2015.12.28

健康診断と人間ドック、同じじゃないの? 何が違うの?

ヘルシンク

人間ドックまめ知識

日本では国家単位で予防医療に力を注いでいます。
「がん」の罹患率が上昇し続ける状況の中で、長引く病気治療に伴う医療費増大を防ぐためです。「がん」は日本人の死因トップを独走しており、2015年に発表された前年のデータによると、次点の心疾患196,000人に対して「がん(悪性新生物)」による死亡者は370,000人を記録しました。
他の病気にも言えることですが、病気からの回復を目指すならば早期発見が欠かせません。
そのために行われるのが「健康診断」と「人間ドック」なのですが、この2つの違いを皆さんご存知でしょうか?



身体の健康状態を知るために

「健康診断」も「人間ドック」も、身体の健康状態を知るために行うという点は共通しています。 それぞれどのように違うか、定義を把握しておきましょう。


■ 健康診断の定義


健康診断は学校、会社などで毎年行われる検査のことです。
労働基準監督署に定められた「労働安全衛生法」によって事業者は1年に1回、定期的に職員にこの機会を提供する義務があります。日本の社会人は職場や検診センター、居住地域の自治体で健康診断を受けているはず。
法律で規定された項目だけを検査するので、万が一検査項目に漏れた疾患があっても発見できません。



年代で見る病気リスクと受けるべき検査項目

日本人の病気死亡率を見てみると、全年齢で死因の病気としてトップに上げられる悪性新生物の割合が格段に伸びるのが30代です。
20代後半の339ポイントと30代前半の802ポイントでは倍以上に増えています。
こうした側面から受けるべき人間ドックの検査項目を考えてみましょう。


■ 人間ドックの定義

人間ドックは基本的に自費です。法的な定義がなく、健康診断よりも多くの検査項目を行う精緻な検査となります。
検査項目の多さが健康診断と比較にならないため、健康状態で気になる所がある個人が任意で受診する形態です。
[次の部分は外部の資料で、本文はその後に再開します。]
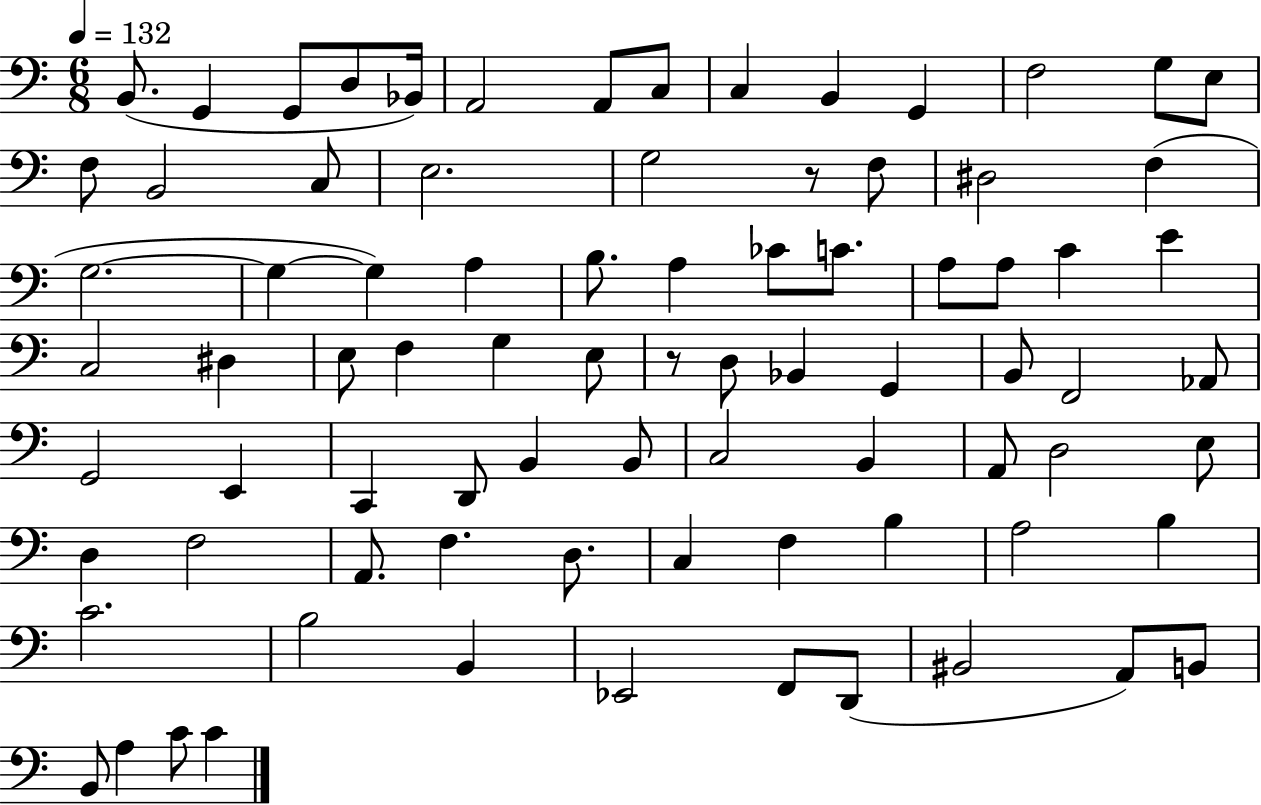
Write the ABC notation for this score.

X:1
T:Untitled
M:6/8
L:1/4
K:C
B,,/2 G,, G,,/2 D,/2 _B,,/4 A,,2 A,,/2 C,/2 C, B,, G,, F,2 G,/2 E,/2 F,/2 B,,2 C,/2 E,2 G,2 z/2 F,/2 ^D,2 F, G,2 G, G, A, B,/2 A, _C/2 C/2 A,/2 A,/2 C E C,2 ^D, E,/2 F, G, E,/2 z/2 D,/2 _B,, G,, B,,/2 F,,2 _A,,/2 G,,2 E,, C,, D,,/2 B,, B,,/2 C,2 B,, A,,/2 D,2 E,/2 D, F,2 A,,/2 F, D,/2 C, F, B, A,2 B, C2 B,2 B,, _E,,2 F,,/2 D,,/2 ^B,,2 A,,/2 B,,/2 B,,/2 A, C/2 C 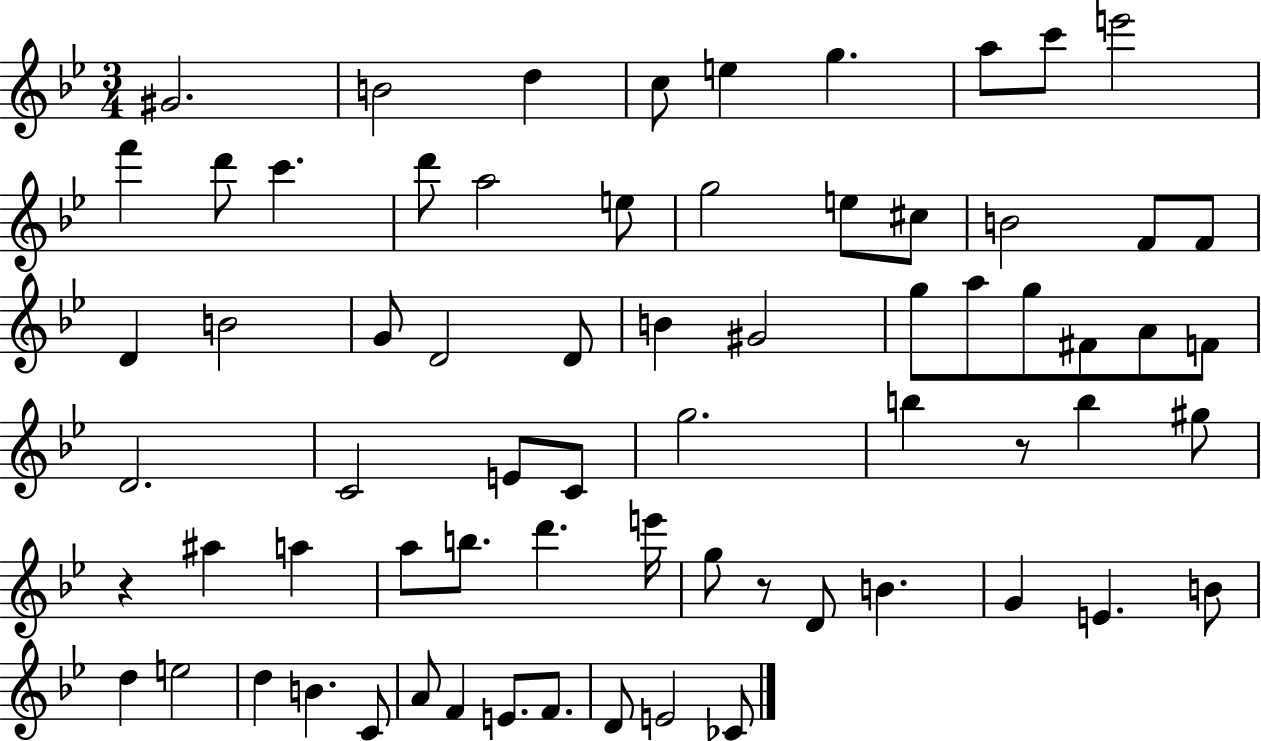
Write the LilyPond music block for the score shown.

{
  \clef treble
  \numericTimeSignature
  \time 3/4
  \key bes \major
  \repeat volta 2 { gis'2. | b'2 d''4 | c''8 e''4 g''4. | a''8 c'''8 e'''2 | \break f'''4 d'''8 c'''4. | d'''8 a''2 e''8 | g''2 e''8 cis''8 | b'2 f'8 f'8 | \break d'4 b'2 | g'8 d'2 d'8 | b'4 gis'2 | g''8 a''8 g''8 fis'8 a'8 f'8 | \break d'2. | c'2 e'8 c'8 | g''2. | b''4 r8 b''4 gis''8 | \break r4 ais''4 a''4 | a''8 b''8. d'''4. e'''16 | g''8 r8 d'8 b'4. | g'4 e'4. b'8 | \break d''4 e''2 | d''4 b'4. c'8 | a'8 f'4 e'8. f'8. | d'8 e'2 ces'8 | \break } \bar "|."
} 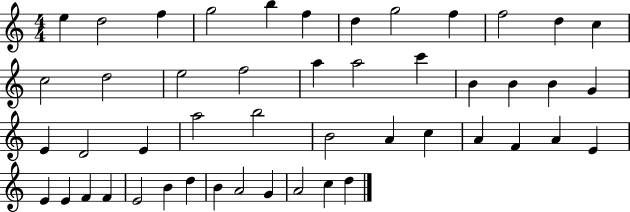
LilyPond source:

{
  \clef treble
  \numericTimeSignature
  \time 4/4
  \key c \major
  e''4 d''2 f''4 | g''2 b''4 f''4 | d''4 g''2 f''4 | f''2 d''4 c''4 | \break c''2 d''2 | e''2 f''2 | a''4 a''2 c'''4 | b'4 b'4 b'4 g'4 | \break e'4 d'2 e'4 | a''2 b''2 | b'2 a'4 c''4 | a'4 f'4 a'4 e'4 | \break e'4 e'4 f'4 f'4 | e'2 b'4 d''4 | b'4 a'2 g'4 | a'2 c''4 d''4 | \break \bar "|."
} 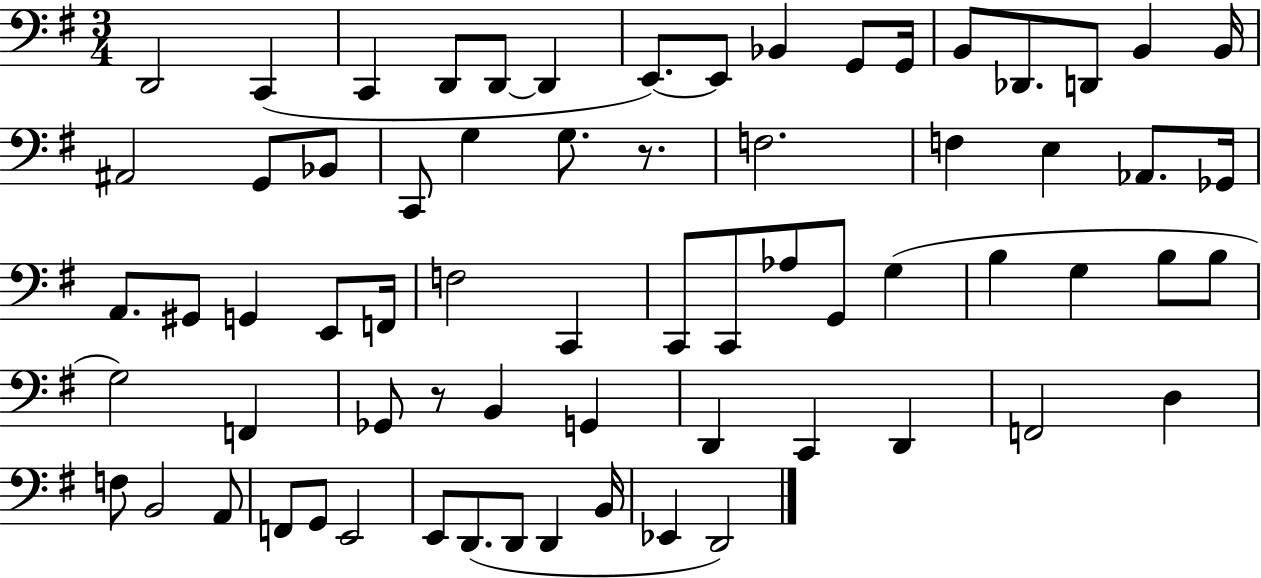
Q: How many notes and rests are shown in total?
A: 68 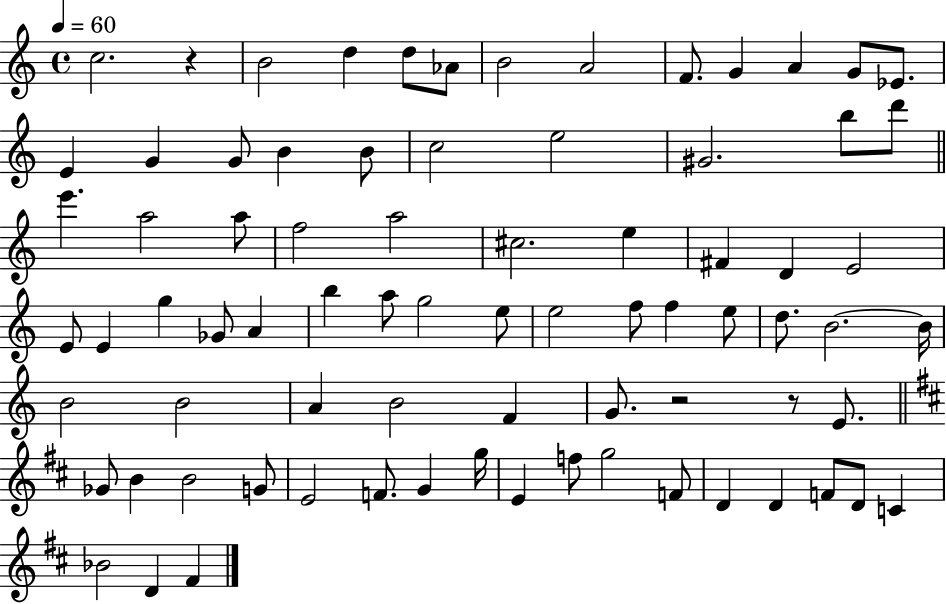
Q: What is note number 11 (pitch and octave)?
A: G4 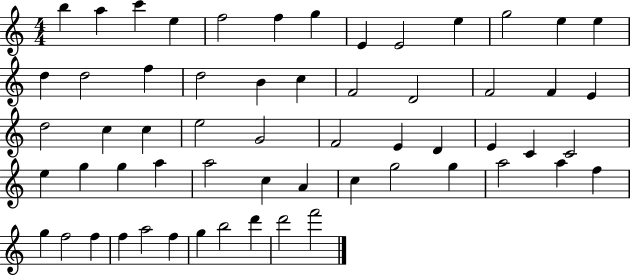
{
  \clef treble
  \numericTimeSignature
  \time 4/4
  \key c \major
  b''4 a''4 c'''4 e''4 | f''2 f''4 g''4 | e'4 e'2 e''4 | g''2 e''4 e''4 | \break d''4 d''2 f''4 | d''2 b'4 c''4 | f'2 d'2 | f'2 f'4 e'4 | \break d''2 c''4 c''4 | e''2 g'2 | f'2 e'4 d'4 | e'4 c'4 c'2 | \break e''4 g''4 g''4 a''4 | a''2 c''4 a'4 | c''4 g''2 g''4 | a''2 a''4 f''4 | \break g''4 f''2 f''4 | f''4 a''2 f''4 | g''4 b''2 d'''4 | d'''2 f'''2 | \break \bar "|."
} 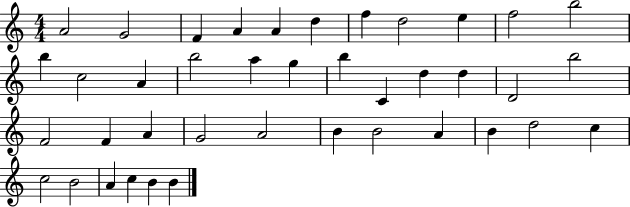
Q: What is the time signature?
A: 4/4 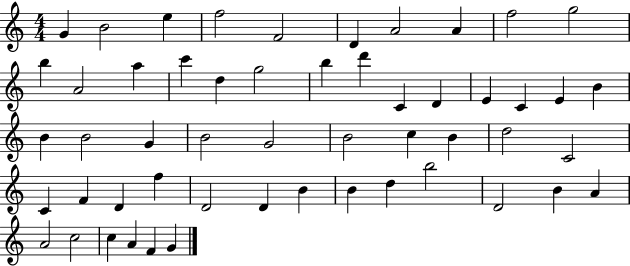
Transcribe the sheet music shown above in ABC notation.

X:1
T:Untitled
M:4/4
L:1/4
K:C
G B2 e f2 F2 D A2 A f2 g2 b A2 a c' d g2 b d' C D E C E B B B2 G B2 G2 B2 c B d2 C2 C F D f D2 D B B d b2 D2 B A A2 c2 c A F G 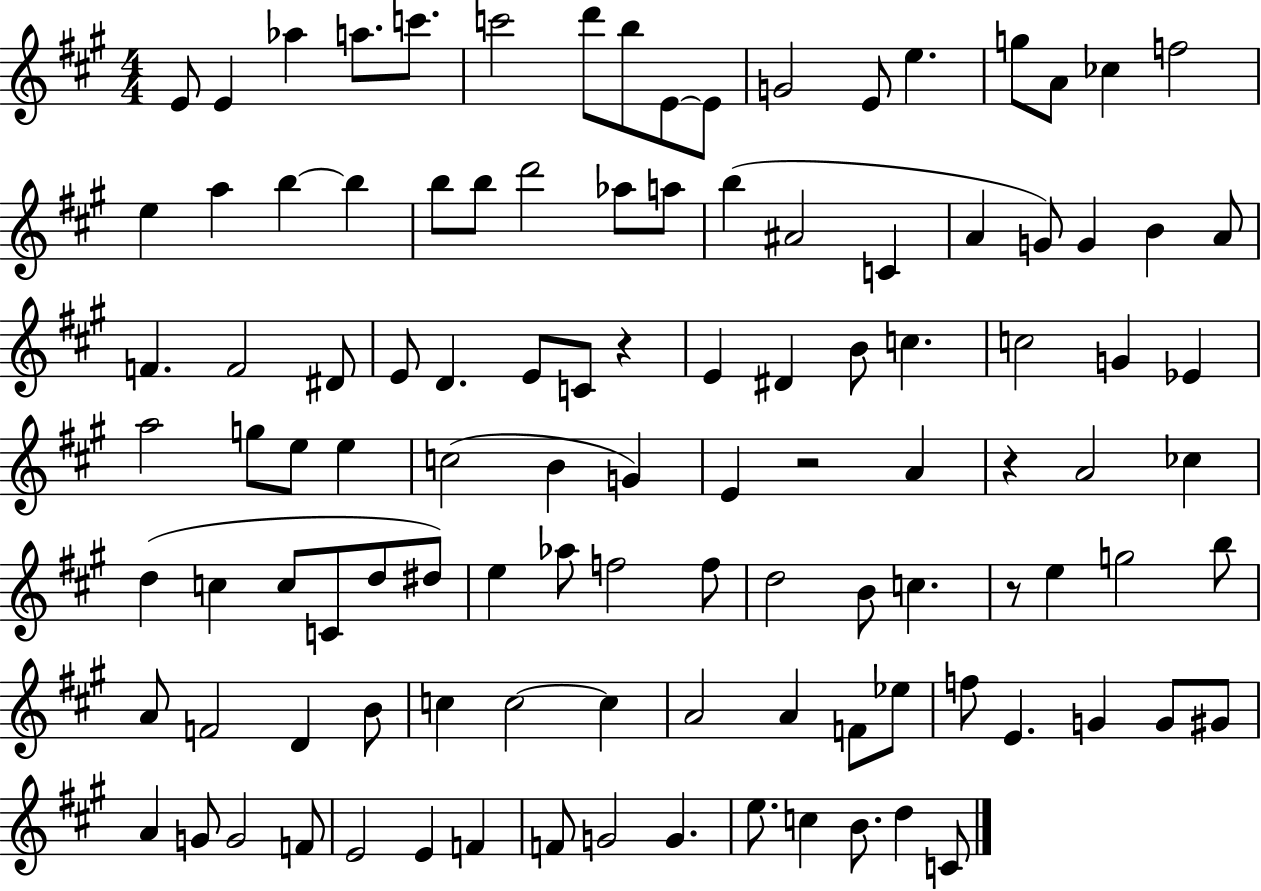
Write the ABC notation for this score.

X:1
T:Untitled
M:4/4
L:1/4
K:A
E/2 E _a a/2 c'/2 c'2 d'/2 b/2 E/2 E/2 G2 E/2 e g/2 A/2 _c f2 e a b b b/2 b/2 d'2 _a/2 a/2 b ^A2 C A G/2 G B A/2 F F2 ^D/2 E/2 D E/2 C/2 z E ^D B/2 c c2 G _E a2 g/2 e/2 e c2 B G E z2 A z A2 _c d c c/2 C/2 d/2 ^d/2 e _a/2 f2 f/2 d2 B/2 c z/2 e g2 b/2 A/2 F2 D B/2 c c2 c A2 A F/2 _e/2 f/2 E G G/2 ^G/2 A G/2 G2 F/2 E2 E F F/2 G2 G e/2 c B/2 d C/2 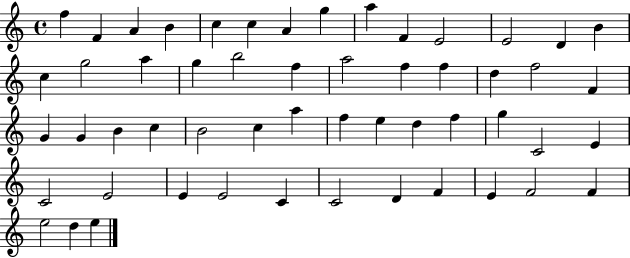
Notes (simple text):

F5/q F4/q A4/q B4/q C5/q C5/q A4/q G5/q A5/q F4/q E4/h E4/h D4/q B4/q C5/q G5/h A5/q G5/q B5/h F5/q A5/h F5/q F5/q D5/q F5/h F4/q G4/q G4/q B4/q C5/q B4/h C5/q A5/q F5/q E5/q D5/q F5/q G5/q C4/h E4/q C4/h E4/h E4/q E4/h C4/q C4/h D4/q F4/q E4/q F4/h F4/q E5/h D5/q E5/q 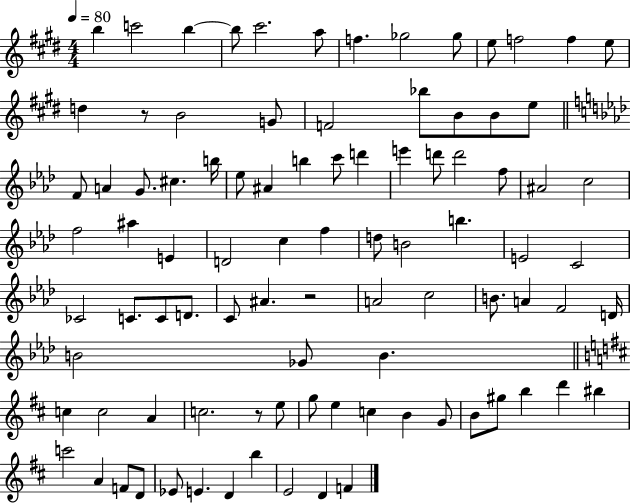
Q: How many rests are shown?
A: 3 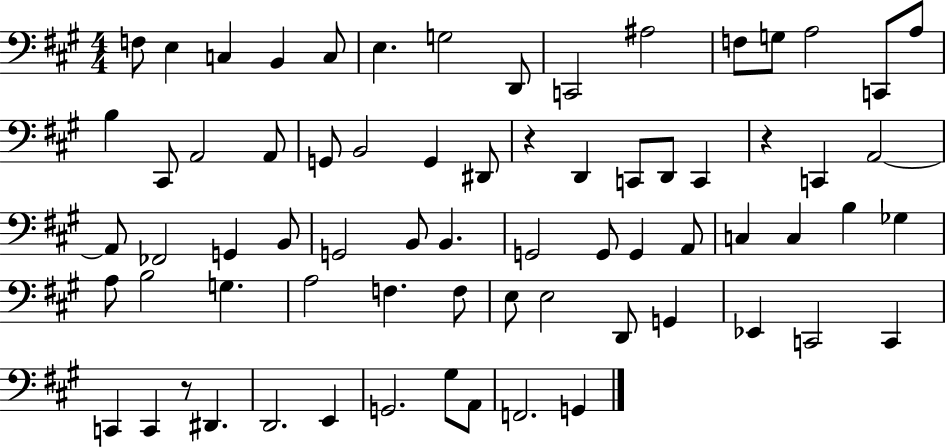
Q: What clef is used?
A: bass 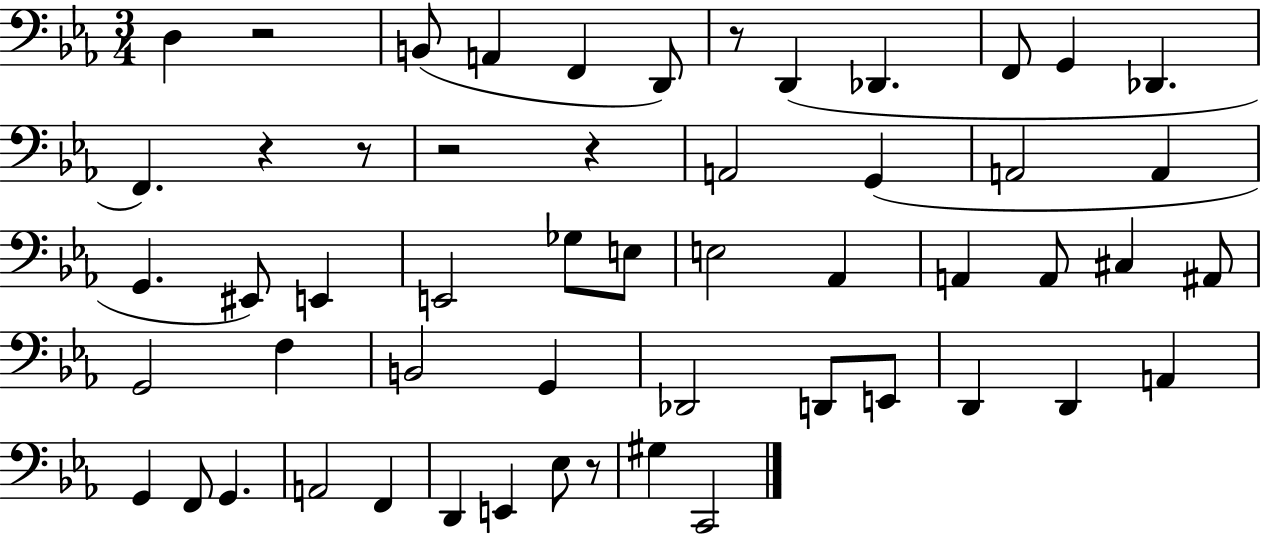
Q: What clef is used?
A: bass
健康保険の対象外となる項目も多いため、保険適用外となる可能性は高いでしょう。

このような違いから、健康診断の費用は無料から1万円程度、人間ドックの場合は最小でも2万円という費用が掛かります。


健康診断と人間ドックを上手に使い分けよう!

社会人は30代後半になると病気理由の死亡率が目に見えて増加していきます。
生活習慣病と呼ばれる重大疾病の罹患率も上昇するので、「病気にかかるリスクの前では、誰もが平等」であることを念頭に置いて早めに備えるようにして下さい。
日々の体調などをセルフチェックするだけでも健康への意識は変わっていくはずですが、これに健康診断と人間ドックを効率よく組み合わせれば、いざと言う時にも素早く病気の発生に気付けるはずです。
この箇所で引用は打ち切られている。